Sidecar was an early competitor of Uber and Lyft, but never matched either in funding or size, and folded at the end of 2015. So what can its remains offer GM, which just paired up with Lyft? One possible answer: a 14-year-old patent.
Is GM picking up a weapon with the power to shut down Uber?
In 2002, Sunil Paul, the founder and CEO of Sidecar (who is not joining GM), was awarded a patent for “a computer-implemented method for determining an efficient transportation route.” The patent details a system in which a passenger uses a wireless device to request a ride, which is then sent to a server, which finds an appropriate driver. In other words, it covers the core of any modern ride sharing service. It predates any patent filed by Uber or Lyft. But Sidecar never went to court. In May 2015, Paul told SF Gate he wasn’t suing Uber or Lyft for patent infringement, preferring to focus Sidecar’s resources on growth. In a blog post published Wednesday, Paul said “the key component to the [GM deal] is a license to Sidecar patents,” which Sidecar still owns.
Now that GM’s acquiring a license to that seminal patent, the question is, is it picking up a weapon with the power to shut down Uber?
Maybe. Sidecar’s patent predates those filed by Uber and Lyft by several years, and it’s pretty specific. “It’s not just the general idea of sending a ride request and getting a pickup,” says Maulin Shah, managing attorney at Envision IP, a firm that focuses on patent research and litigation. Sidecar “tried to protect the infrastructure that allows that to happen.” It’s been referenced by 148 other patents, some filed by companies including Apple, Google, Microsoft, and yes, Uber. As with academic papers, having your work cited by others is an indication of validity, Shah says.

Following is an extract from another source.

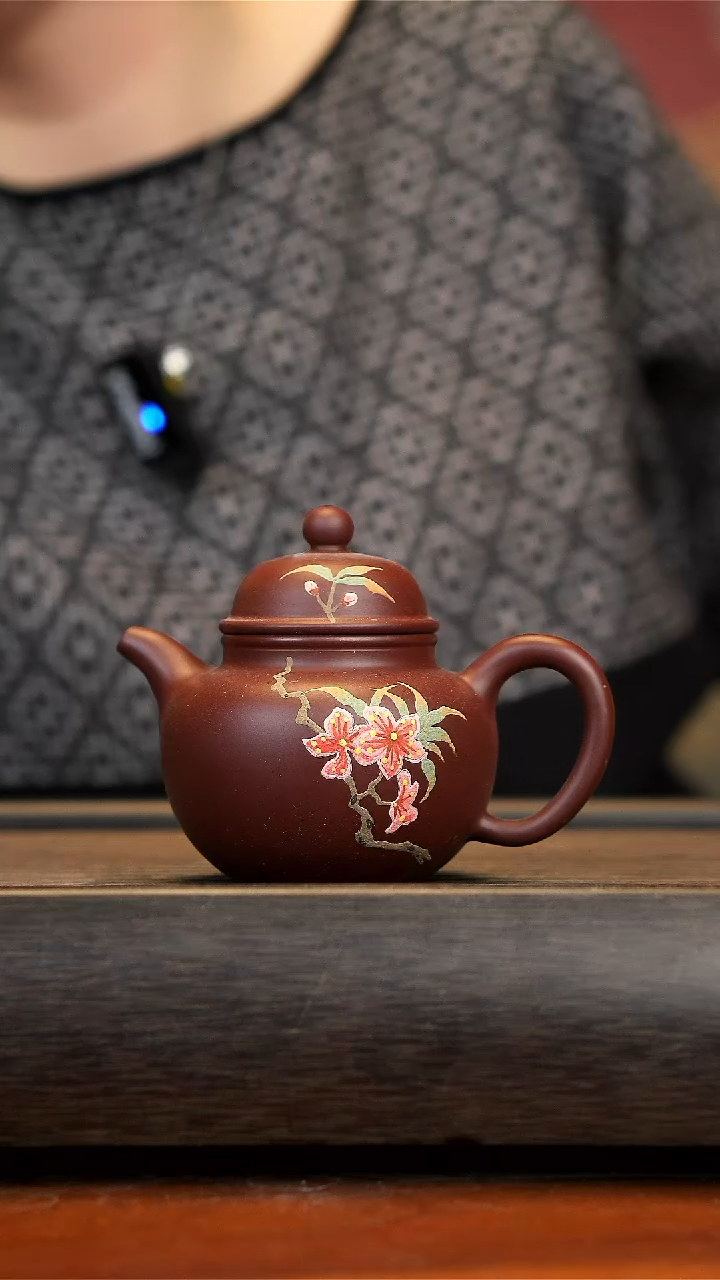 【闪购商品】紫砂茶壶紫朱泥掇球壶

It’s far from clear that Sidecar’s patent could be used as enforcement against others, however. First off, GM could use the patent to sue a competitor only if it is the exclusive licensee of the patent—GM and Sidecar haven’t released details of their agreement. Secondly, you could argue the patent addresses a business method, not a technical solution. In May 2014, the Supreme Court unanimously ruled you can’t patent an idea. (The case, Alice Corporation vs. CLS Bank, was also a major blow to patent trolls.) “It’s a fine line between a software patent versus a true business methods patent,” Shah says, though he thinks the Sidecar patent falls more to the software side. Plus, Uber’s success is built on more than the basic ability to call a car with your phone. It has spent years working on its sophisticated algorithms to make the ride sharing experience as easy and convenient as possible.
The third potential hiccup, Shah says, is that because it’s never been challenged in court or at the US Patent Office, “we really don’t know how strong the patent is.” No one’s ever had to defend it, and no one’s tried to attack it by looking for evidence that it’s not as seminal as it may seem. Basically, it hasn’t been vetted.
Of course, all this is moot if GM doesn’t want to use the patent to go after Uber. Right now, it’s hard to imagine the automaker attacking a company to control a space in which it’s not even active yet. But it’s never a bad idea to have an extra weapon in the arsenal.